O primeiro é que, após um primeiro momento de debandada, em razão do vigor irresistível das ações de asfixiamento do tráfico de drogas, a base econômica das quadrilhas que subjugavam as comunidades, grupos de criminosos se rearticulam para tentar retomar áreas em que impunham um reinado de terror. Como é possível que estas sejam reações espasmódicas (mas de qualquer forma a merecer respostas adequadas das forças da lei), a questão de fundo está no segundo aspecto para os quais os episódios de enfrentamento chamam a atenção: a consolidação do programa ainda está por ser alcançada.
Por isso, é preocupante a promessa feita pelo secretário de Segurança do Rio, José Mariano Beltrame, de estender as UPPs, ainda neste primeiro semestre, para uma ampla região formada por Baixada, Niterói e São Gonçalo. Beltrame parte de uma preocupação relevante: a pacificação de áreas subjugadas pelo tráfico teve como efeito colateral a fuga de bandidos para essas regiões do estado, menos guarnecidas de policiamento, com o consequente incremento local da criminalidade. Essa nova realidade é um desafio, e combatê-la, uma obrigação do poder público. Mas enfrentá-la ao custo de pôr em risco um programa que, nas áreas em que já foi implantado, não obstante seus bons resultados, ainda tem flancos não suficientemente blindados contra ataques equivale a adotar uma política de cobertor curto. É ideia temerária.

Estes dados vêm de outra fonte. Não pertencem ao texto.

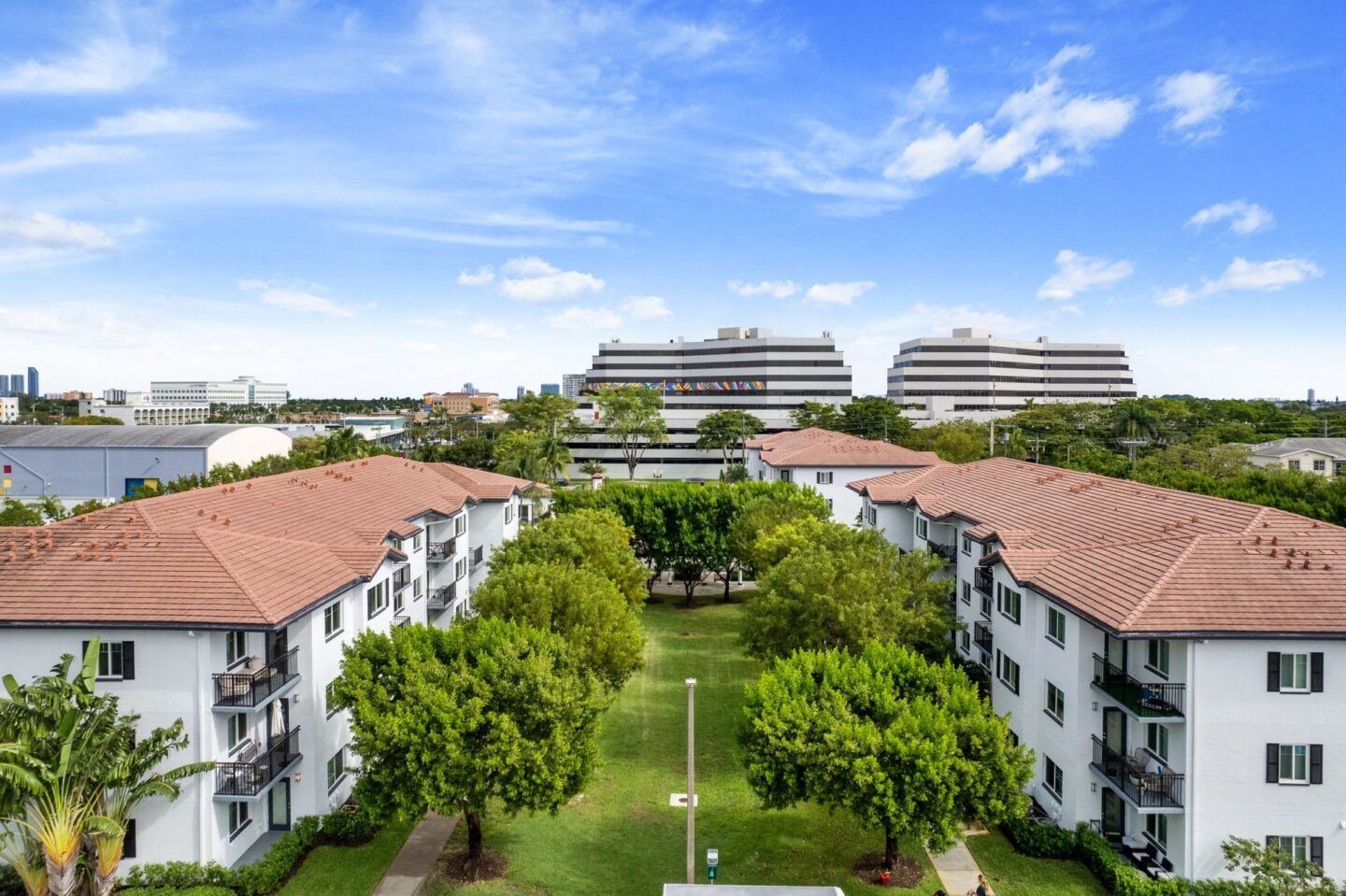 an aerial view of apartment buildings with a park and trees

Além disso, as UPPs têm um propósito bem definido, implicando um planejamento que parece passar ao largo da promessa do secretário. No Rio, a implantação das atuais 36 unidades obedeceu a um cronograma que, salvo situações pontuais, como na ocupação do Complexo do Alemão ditada por um surto de terrorismo, foi cumprido de modo a cobrir estrategicamente toda a área compreendida.

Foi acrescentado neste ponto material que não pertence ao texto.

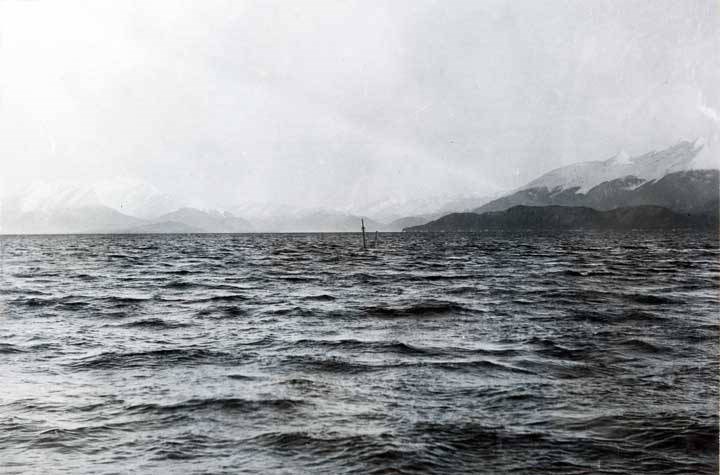 Image of sunken ship with tip of ship mast sticking out of a large body of water. Mountains in the background.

Por princípio, o governo precisa dar conta desse desafio de reverter curvas de criminalidade onde ela estiver em alta — e, neste aspecto, há indicadores a exigir atenção não só nas regiões para as quais Beltrame acenou com a extensão das UPPs. O que leva à questão dos critérios para a escolha das áreas a serem beneficiadas. Por outro lado, é crucial aprofundar a experiência de pacificação já existente, com o avanço dos investimentos sociais prometidos (aliás, uma reivindicação constante de Beltrame) e a blindagem do programa contra tentações eleitoreiras, desvinculando-o inequivocamente de candidaturas ao pleito de outubro.